Exercise aim:
Where the line with "TRULY AND POWERPUFF" appears below, start writing out lines exactly, and finish with the line with "картинка Pop Mart", which is included; write out nothing else.

Records supplied:

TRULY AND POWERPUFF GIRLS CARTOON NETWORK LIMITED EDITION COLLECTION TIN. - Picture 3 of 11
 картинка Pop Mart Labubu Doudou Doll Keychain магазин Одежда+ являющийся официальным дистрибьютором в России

---

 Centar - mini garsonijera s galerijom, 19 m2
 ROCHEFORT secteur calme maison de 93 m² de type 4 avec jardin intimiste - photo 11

Task solution:
TRULY AND POWERPUFF GIRLS CARTOON NETWORK LIMITED EDITION COLLECTION TIN. - Picture 3 of 11
 картинка Pop Mart Labubu Doudou Doll Keychain магазин Одежда+ являющийся официальным дистрибьютором в России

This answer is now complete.